▸ AIM OF THE TASK: Restate the data below word for word, omitting pictures.

-- Opening Marker --

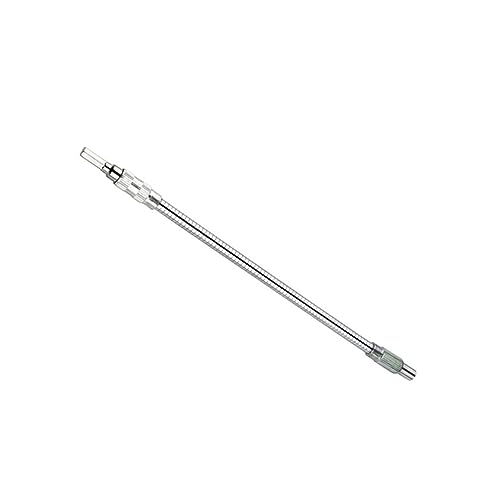ARTIBETTER Flexibler Achse Für Akku-bohrer Schraubendreher Metall Erweiterungsrohr Für Enge Räume Werkzeug Zur Schraubermontage Silber von Artibetter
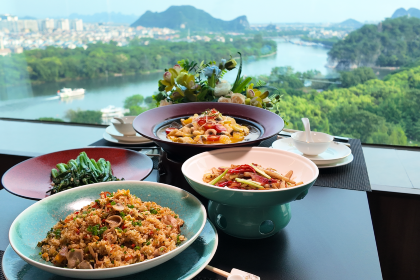 桂林漓江·瀑上酒店(象鼻山两江四湖店)·观星吧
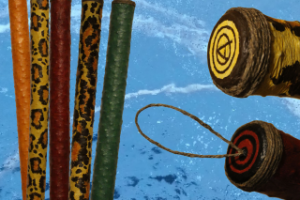 Рекламная листовка посох дождя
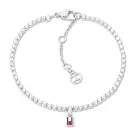 Tommy Hilfiger Tennis Bracelet Armbånd Rustfritt Stål 2781092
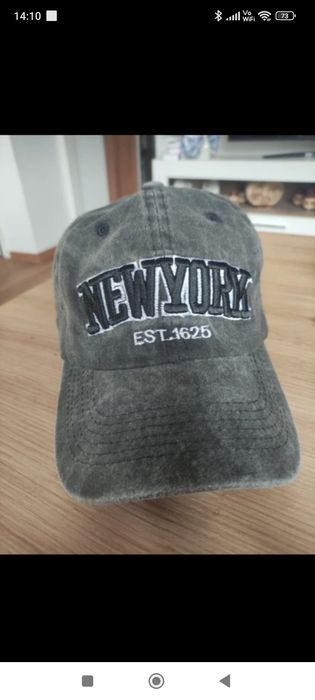 Hit czapka dżokejka bejsbolówka z daszkiem unisex New York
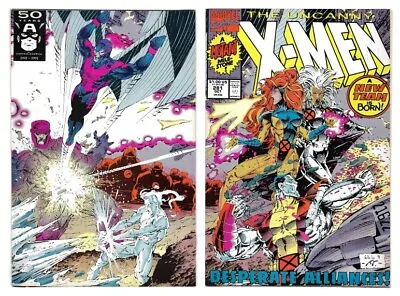 Buy Uncanny X-Men #281 (Vol 1) : NM :  Fresh Upstart  : New Gold Team : First Print • 7.95£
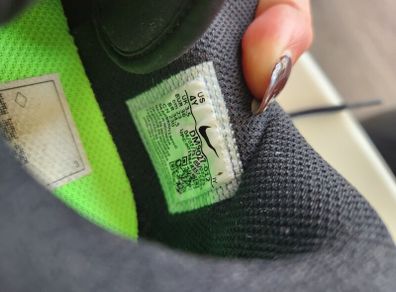 Nike boys Runners size 3.5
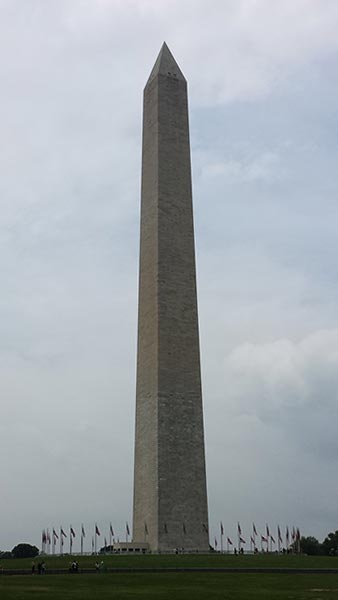 The Washington Monument: Tidal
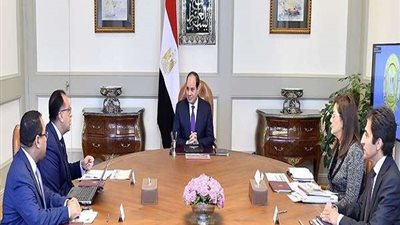 السيسي يستعرض خطة انتقال الوزارات الحكومية إلى العاصمة الإدارية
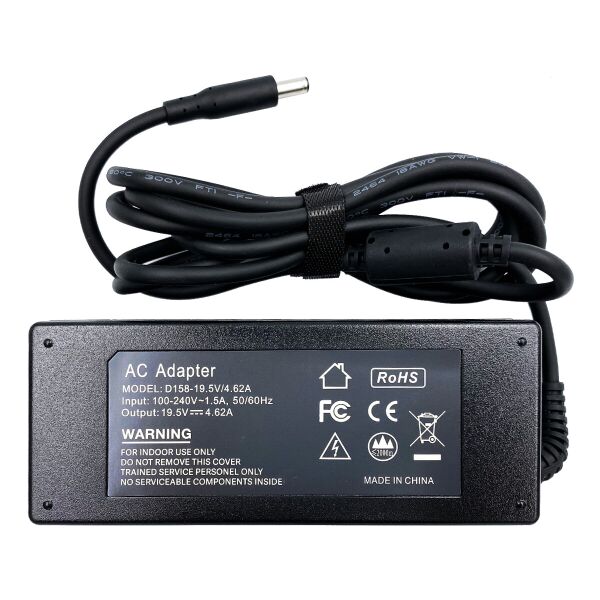 

Dell 19.5V 4.62A 90W 4.5*3.0 pin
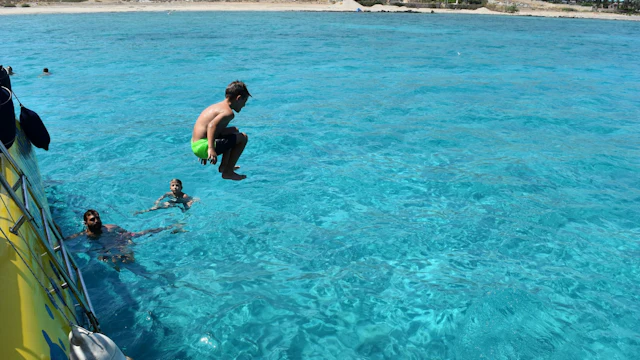 Schnorcheln in Lindos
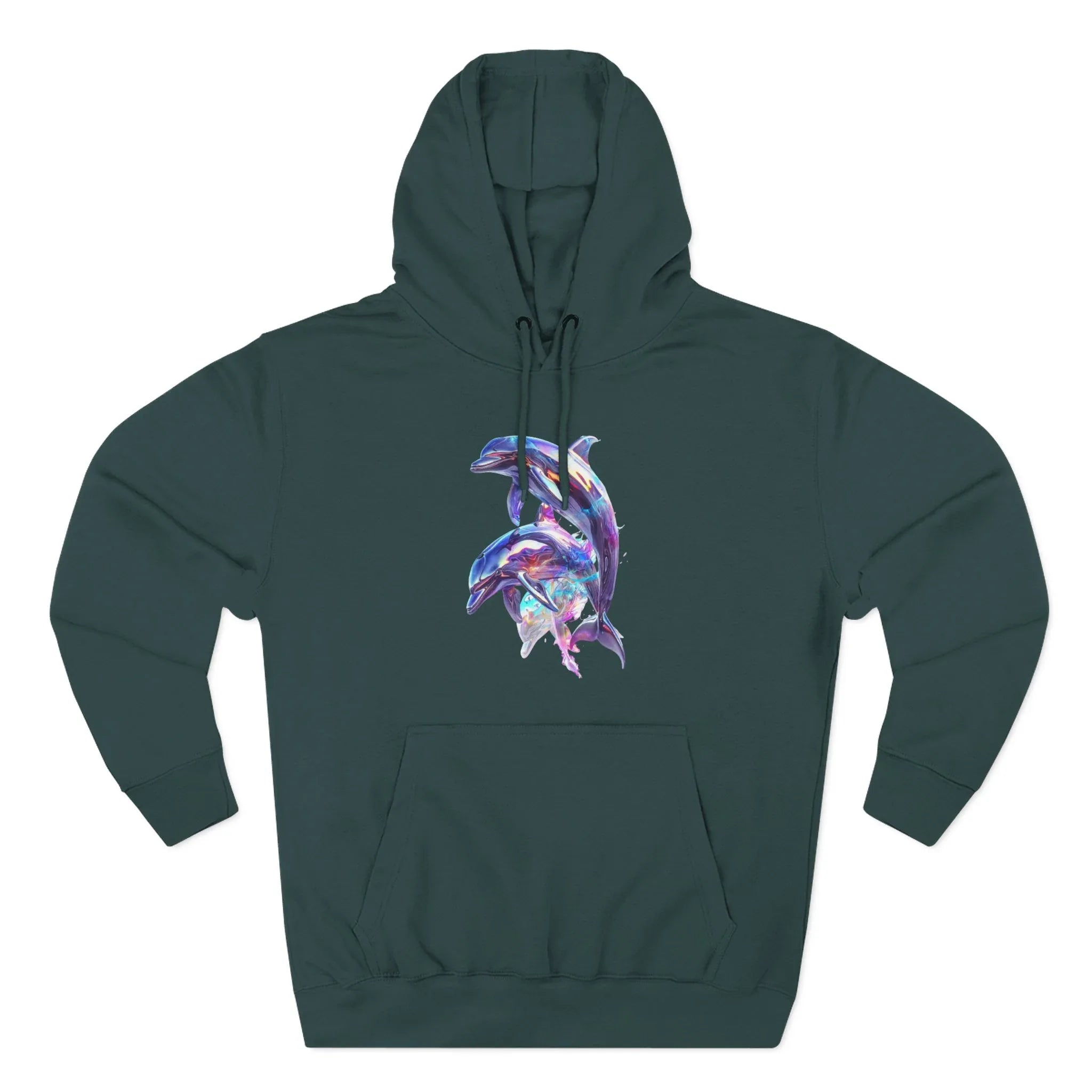Colorful Peace Sign Floral Skull Hoodie | Psychedelic Peace Skull - 250 USA Celebration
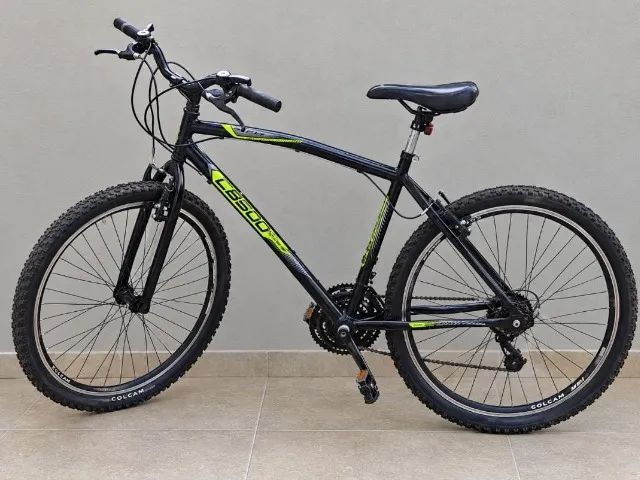 Bicicleta pouco usada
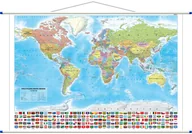 Mały naukowiec - Świat polityczny - mapa ścienna, 1:42 000 000, ArtGlob - miniaturka - grafika 1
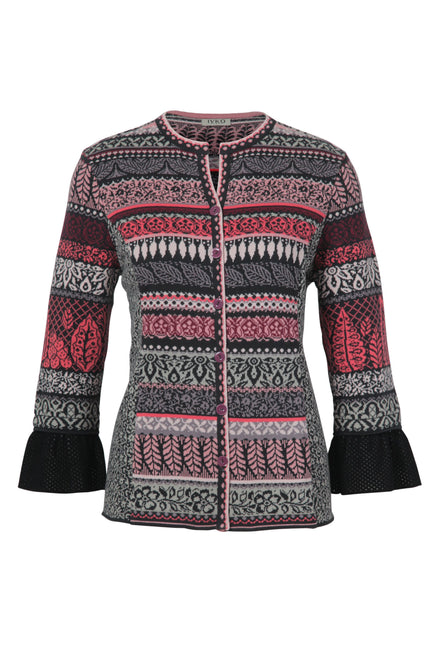 Ivko Lotus Cardigan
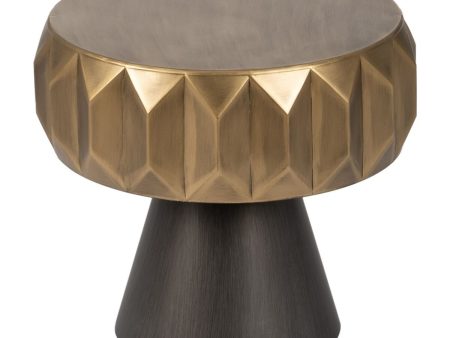 Centre Table Black Golden Iron 49 x 49 x 45,5 cm Online now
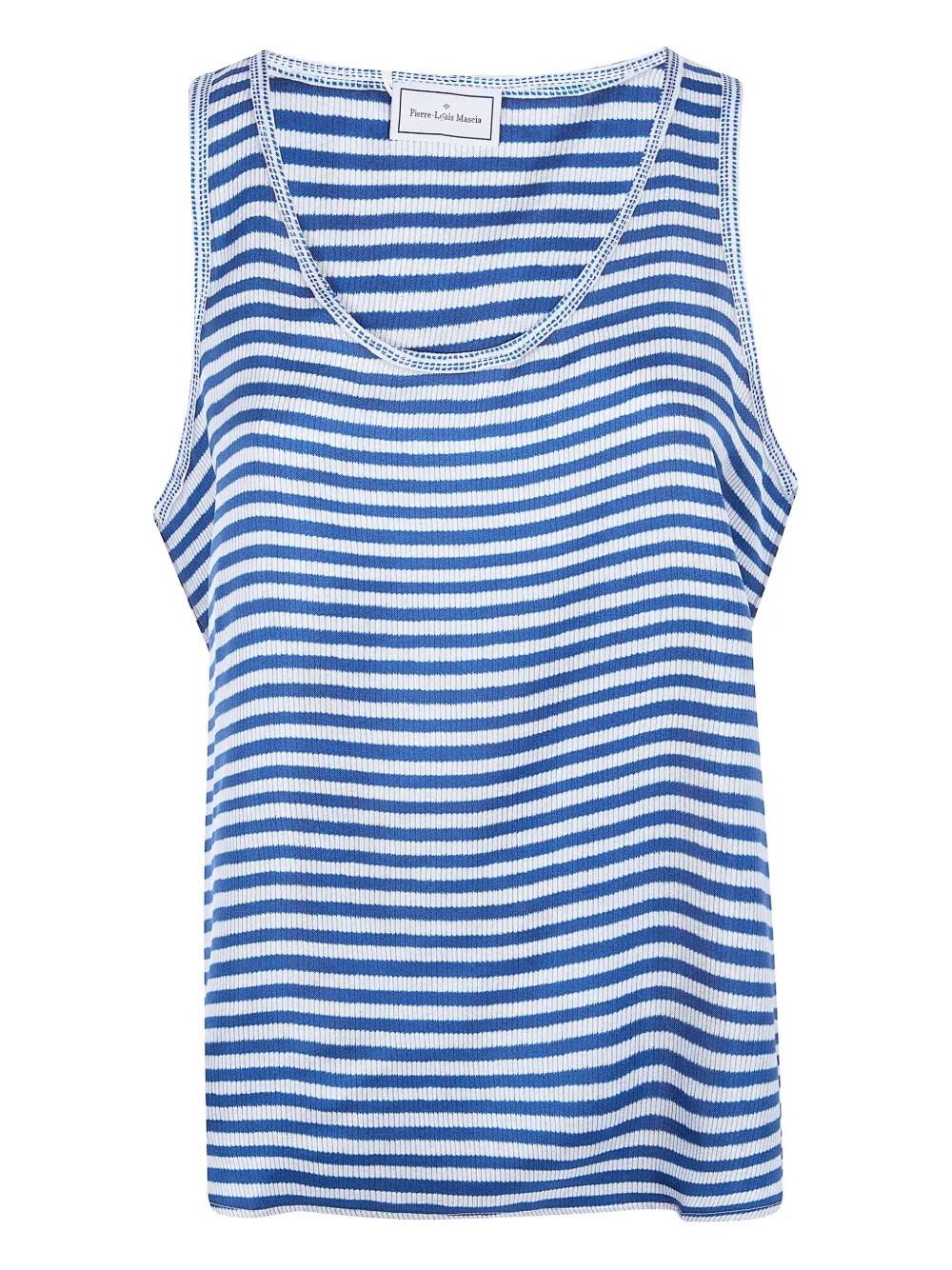 PIERRE LOUIS MASCIA "Aloe" Tank Top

-- Closing Marker --

▸ RESPONSE AREA:
ARTIBETTER Flexibler Achse Für Akku-bohrer Schraubendreher Metall Erweiterungsrohr Für Enge Räume Werkzeug Zur Schraubermontage Silber von Artibetter
 桂林漓江·瀑上酒店(象鼻山两江四湖店)·观星吧
 Рекламная листовка посох дождя
 Tommy Hilfiger Tennis Bracelet Armbånd Rustfritt Stål 2781092
 Hit czapka dżokejka bejsbolówka z daszkiem unisex New York
 Buy Uncanny X-Men #281 (Vol 1) : NM :  Fresh Upstart  : New Gold Team : First Print • 7.95£
 Nike boys Runners size 3.5
 The Washington Monument: Tidal
 السيسي يستعرض خطة انتقال الوزارات الحكومية إلى العاصمة الإدارية

Dell 19.5V 4.62A 90W 4.5*3.0 pin
 Schnorcheln in Lindos
Colorful Peace Sign Floral Skull Hoodie | Psychedelic Peace Skull - 250 USA Celebration
 Bicicleta pouco usada
 Mały naukowiec - Świat polityczny - mapa ścienna, 1:42 000 000, ArtGlob - miniaturka - grafika 1
 Ivko Lotus Cardigan
 Centre Table Black Golden Iron 49 x 49 x 45,5 cm Online now
 PIERRE LOUIS MASCIA "Aloe" Tank Top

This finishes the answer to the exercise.